ENTRIES SUPPLIED: Begin

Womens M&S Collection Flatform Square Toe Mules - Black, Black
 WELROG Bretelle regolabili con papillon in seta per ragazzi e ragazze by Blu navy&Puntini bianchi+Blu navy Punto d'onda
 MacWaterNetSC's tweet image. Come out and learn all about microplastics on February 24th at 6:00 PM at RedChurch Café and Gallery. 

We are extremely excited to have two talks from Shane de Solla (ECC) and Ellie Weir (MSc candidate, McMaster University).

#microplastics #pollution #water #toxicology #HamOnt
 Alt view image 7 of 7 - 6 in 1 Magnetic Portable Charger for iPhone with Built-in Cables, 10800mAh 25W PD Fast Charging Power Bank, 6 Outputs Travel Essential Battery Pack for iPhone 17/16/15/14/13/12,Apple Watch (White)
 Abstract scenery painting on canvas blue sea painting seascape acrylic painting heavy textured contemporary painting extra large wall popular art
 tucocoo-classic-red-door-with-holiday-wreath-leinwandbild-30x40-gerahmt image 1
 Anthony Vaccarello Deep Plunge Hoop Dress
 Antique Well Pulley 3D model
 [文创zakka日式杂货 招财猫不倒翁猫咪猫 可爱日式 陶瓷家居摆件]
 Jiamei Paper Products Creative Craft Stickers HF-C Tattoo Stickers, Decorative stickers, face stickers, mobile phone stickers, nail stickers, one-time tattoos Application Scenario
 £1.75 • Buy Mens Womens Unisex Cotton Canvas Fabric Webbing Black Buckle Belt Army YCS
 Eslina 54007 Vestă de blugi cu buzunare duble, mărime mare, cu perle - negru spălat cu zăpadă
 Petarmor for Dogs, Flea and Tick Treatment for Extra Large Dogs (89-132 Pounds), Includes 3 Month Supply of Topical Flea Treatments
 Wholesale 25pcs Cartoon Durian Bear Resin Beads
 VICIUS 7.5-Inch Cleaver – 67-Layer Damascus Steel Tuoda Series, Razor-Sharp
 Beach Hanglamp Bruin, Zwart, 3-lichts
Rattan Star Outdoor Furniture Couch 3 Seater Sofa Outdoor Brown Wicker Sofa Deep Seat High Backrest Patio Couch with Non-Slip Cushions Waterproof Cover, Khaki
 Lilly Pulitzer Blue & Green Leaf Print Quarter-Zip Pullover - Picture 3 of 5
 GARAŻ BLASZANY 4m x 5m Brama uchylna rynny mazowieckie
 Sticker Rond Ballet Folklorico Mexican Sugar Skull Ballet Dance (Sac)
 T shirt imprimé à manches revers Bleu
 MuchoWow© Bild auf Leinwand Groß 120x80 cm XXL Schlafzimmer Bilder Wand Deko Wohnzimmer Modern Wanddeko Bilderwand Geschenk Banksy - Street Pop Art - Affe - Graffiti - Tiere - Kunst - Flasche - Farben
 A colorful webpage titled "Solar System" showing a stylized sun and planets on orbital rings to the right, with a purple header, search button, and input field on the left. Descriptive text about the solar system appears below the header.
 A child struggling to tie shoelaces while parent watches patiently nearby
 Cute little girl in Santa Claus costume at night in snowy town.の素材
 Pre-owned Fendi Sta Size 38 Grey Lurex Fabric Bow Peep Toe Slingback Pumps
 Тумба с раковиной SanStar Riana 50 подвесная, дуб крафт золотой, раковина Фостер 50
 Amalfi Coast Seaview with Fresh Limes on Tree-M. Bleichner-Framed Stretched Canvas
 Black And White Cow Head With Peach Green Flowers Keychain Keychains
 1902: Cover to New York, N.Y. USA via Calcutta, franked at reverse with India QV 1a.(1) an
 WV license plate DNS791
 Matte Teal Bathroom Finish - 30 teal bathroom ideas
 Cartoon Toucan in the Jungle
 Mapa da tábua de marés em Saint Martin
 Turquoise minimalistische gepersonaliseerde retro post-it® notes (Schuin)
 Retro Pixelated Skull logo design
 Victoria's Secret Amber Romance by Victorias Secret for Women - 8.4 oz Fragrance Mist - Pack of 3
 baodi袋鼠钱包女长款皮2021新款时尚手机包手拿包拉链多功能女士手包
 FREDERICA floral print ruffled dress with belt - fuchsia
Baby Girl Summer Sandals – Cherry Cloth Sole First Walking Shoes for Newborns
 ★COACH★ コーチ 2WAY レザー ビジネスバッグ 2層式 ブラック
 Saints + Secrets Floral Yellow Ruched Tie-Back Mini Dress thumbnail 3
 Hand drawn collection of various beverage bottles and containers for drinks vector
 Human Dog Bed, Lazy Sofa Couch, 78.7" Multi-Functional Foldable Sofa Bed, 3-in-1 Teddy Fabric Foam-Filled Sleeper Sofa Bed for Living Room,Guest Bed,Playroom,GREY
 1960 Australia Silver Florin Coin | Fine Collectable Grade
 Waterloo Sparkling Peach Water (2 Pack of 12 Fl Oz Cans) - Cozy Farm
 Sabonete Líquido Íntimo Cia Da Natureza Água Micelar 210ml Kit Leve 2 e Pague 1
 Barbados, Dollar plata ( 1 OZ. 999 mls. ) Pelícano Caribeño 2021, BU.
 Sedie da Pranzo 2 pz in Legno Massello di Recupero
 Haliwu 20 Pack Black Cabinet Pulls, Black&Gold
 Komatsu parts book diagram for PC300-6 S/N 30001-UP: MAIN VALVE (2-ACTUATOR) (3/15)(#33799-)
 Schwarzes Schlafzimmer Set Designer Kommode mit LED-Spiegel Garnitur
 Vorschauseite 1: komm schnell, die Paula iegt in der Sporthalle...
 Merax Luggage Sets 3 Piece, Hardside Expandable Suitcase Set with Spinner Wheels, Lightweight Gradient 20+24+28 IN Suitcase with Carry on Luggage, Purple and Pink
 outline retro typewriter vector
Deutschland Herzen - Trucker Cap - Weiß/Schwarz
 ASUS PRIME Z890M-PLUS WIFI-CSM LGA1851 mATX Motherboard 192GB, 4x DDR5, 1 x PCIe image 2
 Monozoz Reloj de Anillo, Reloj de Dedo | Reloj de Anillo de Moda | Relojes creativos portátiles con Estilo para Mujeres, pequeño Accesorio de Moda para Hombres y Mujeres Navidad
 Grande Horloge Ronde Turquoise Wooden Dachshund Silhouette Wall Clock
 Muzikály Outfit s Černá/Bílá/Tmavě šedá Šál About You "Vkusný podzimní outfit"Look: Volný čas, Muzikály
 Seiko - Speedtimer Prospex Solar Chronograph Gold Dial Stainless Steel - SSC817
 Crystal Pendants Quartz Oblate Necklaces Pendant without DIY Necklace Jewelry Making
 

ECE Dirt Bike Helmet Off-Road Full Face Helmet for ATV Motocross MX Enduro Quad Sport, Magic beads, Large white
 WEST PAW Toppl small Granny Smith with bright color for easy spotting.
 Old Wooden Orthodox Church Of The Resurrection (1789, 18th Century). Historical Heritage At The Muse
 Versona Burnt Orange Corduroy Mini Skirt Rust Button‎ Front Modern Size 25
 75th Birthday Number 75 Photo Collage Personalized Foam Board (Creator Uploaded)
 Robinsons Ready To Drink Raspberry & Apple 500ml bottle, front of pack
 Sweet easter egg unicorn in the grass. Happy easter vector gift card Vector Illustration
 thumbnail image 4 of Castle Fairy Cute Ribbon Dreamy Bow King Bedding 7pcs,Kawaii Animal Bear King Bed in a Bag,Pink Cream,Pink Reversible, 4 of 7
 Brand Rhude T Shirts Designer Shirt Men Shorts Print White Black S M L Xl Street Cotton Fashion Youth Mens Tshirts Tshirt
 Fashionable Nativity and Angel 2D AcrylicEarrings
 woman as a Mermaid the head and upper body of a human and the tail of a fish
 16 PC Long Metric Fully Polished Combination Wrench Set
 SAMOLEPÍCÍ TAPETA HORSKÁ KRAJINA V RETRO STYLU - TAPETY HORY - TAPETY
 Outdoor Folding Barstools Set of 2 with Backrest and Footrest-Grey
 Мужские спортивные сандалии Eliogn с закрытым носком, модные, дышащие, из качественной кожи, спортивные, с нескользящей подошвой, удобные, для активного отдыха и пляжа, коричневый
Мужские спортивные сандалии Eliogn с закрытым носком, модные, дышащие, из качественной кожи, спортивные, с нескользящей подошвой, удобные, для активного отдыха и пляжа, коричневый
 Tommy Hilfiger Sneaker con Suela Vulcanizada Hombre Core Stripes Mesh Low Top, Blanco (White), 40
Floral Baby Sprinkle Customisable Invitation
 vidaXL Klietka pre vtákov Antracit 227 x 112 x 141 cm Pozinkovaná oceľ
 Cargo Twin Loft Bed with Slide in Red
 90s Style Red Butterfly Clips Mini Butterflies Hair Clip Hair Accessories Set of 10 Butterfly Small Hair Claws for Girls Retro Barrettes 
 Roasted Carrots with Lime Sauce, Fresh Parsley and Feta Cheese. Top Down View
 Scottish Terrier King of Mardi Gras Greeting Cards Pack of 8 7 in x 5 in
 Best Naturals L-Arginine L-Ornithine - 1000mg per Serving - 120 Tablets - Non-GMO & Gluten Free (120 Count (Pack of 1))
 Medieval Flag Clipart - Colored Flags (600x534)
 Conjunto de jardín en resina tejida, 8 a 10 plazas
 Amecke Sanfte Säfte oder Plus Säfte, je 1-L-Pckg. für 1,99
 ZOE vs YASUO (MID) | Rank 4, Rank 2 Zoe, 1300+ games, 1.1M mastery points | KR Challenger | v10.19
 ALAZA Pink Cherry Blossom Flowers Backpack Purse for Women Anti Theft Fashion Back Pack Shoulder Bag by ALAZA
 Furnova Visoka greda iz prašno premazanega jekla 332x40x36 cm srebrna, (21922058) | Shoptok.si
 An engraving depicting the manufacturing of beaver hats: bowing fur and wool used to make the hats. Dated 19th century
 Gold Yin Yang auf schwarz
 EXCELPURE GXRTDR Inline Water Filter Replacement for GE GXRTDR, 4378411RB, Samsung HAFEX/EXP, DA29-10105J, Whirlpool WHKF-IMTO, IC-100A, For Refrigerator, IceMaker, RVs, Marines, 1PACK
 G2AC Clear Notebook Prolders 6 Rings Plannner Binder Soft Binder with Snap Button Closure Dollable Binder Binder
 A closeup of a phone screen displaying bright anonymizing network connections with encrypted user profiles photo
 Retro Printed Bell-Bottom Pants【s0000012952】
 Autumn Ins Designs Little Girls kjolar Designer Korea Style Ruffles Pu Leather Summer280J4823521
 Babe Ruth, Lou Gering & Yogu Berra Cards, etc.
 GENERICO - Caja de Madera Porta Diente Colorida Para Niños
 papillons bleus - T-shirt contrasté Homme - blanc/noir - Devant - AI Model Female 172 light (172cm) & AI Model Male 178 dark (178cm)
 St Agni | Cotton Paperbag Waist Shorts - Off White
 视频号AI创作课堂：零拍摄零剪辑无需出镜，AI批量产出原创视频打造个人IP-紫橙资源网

ENTRIES SUPPLIED: End

AIM OF THE TASK: Reproduce exactly the lines from the beginning of the entries above up to and including the line that contains "WELROG Bretelle regolabili".

ANSWER AREA:
Womens M&S Collection Flatform Square Toe Mules - Black, Black
 WELROG Bretelle regolabili con papillon in seta per ragazzi e ragazze by Blu navy&Puntini bianchi+Blu navy Punto d'onda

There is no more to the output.